The to_sql() method in Pandas is used to write records stored in a DataFrame to a SQL database. It requires the SQLAlchemy engine to make a connection to the database.

Example

import pandas as pd
from sqlalchemy import create_engine

engine = create_engine('sqlite:///mydatabase.db')

# create a DataFrame
data = {'Name': ['Tom', 'Nick', 'John'], 'Age': [20, 21, 19]}
df = pd.DataFrame(data)

# write DataFrame to database
df.to_sql(name='people', con=engine)

to_sql() Syntax

The syntax of the to_sql() method in Pandas is:

df.to_sql(name, con, schema=None, if_exists='fail', index=True, index_label=None, chunksize=None, dtype=None, method=None)

to_sql() Arguments

The to_sql() method takes the following common arguments:

  • name: the name of the target table
  • con: engine or database connection object
  • schema (optional): specifies the schema
  • if_exists: how to behave if the table already exists
  • index: write index as a column
  • index_label: column label for index column(s)
  • chunksize: specifies the number of rows in each batch to be written at a time
  • dtype: specifies the datatype for columns
  • method: controls the SQL insertion clause used.

to_sql() Return Value

The return value of to_sql() is None. It does not return anything since its purpose is to write the DataFrame to a database.


Example 1: Write to SQL with Default Settings

import pandas as pd
from sqlalchemy import create_engine

engine = create_engine('sqlite:///mydatabase.db')

# create a DataFrame
data = {'Name': ['Tom', 'Nick', 'John'], 'Age': [20, 21, 19]}
df = pd.DataFrame(data)

# write DataFrame to database
df.to_sql(name='people', con=engine)

In this example, we wrote the DataFrame df to the SQL table people using the default settings.


Example 2: Writing to SQL with Replace Option

import pandas as pd
from sqlalchemy import create_engine

engine = create_engine('sqlite:///mydatabase.db')

# create a DataFrame
data = {'Name': ['Anna', 'Alex', 'Alice'], 'Age': [28, 22, 23]}
df = pd.DataFrame(data)

# write DataFrame to database
df.to_sql(name='people', con=engine, if_exists='replace')

Here, if the table people already exists, it will be replaced with the new DataFrame df.


Example 3: Specifying Data Types

import pandas as pd
from sqlalchemy import create_engine, Integer, Text

engine = create_engine('sqlite:///mydatabase.db')

# create a DataFrame
data = {'Name': ['Sam', 'Lily', 'Max'], 'Age': [32, 24, 27]}
df = pd.DataFrame(data)

# write DataFrame to database
df.to_sql(name='employees', con=engine, dtype={'Name': Text, 'Age': Integer})

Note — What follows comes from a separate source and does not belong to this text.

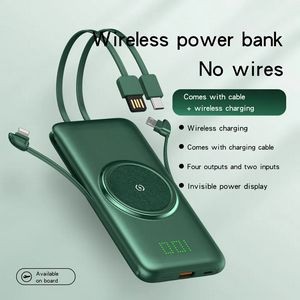 10000Mah 15W Wireless Powerbank Fast Charger With Cable 3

In this example, we specified that the Name column should be stored as Text and the Age as Integer in the SQL table employees.


Example 4: Append to Existing Table

import pandas as pd
from sqlalchemy import create_engine

engine = create_engine('sqlite:///mydatabase.db')

# create a DataFrame
new_data = {'Name': ['Brian', 'Smith'], 'Age': [34, 29]}
new_df = pd.DataFrame(new_data)

# write to database
new_df.to_sql(name='people', con=engine, if_exists='append')

In this example, we appended the records in new_df to the people table by using if_exists='append'.


Example 5: Using method Parameter

import pandas as pd
from sqlalchemy import create_engine

engine = create_engine('sqlite:///mydatabase.db')

# create a DataFrame
data = {'Name': ['Sara', 'Alex'], 'Age': [26, 22]}
df = pd.DataFrame(data)

# use the 'multi' method to pass multiple insert values
df.to_sql(name='new_people', con=engine, method='multi')

In this example, we used the 'multi' method to pass multiple insert values in a single INSERT clause.

Using the method='multi' argument can lead to performance benefits when inserting multiple records at once.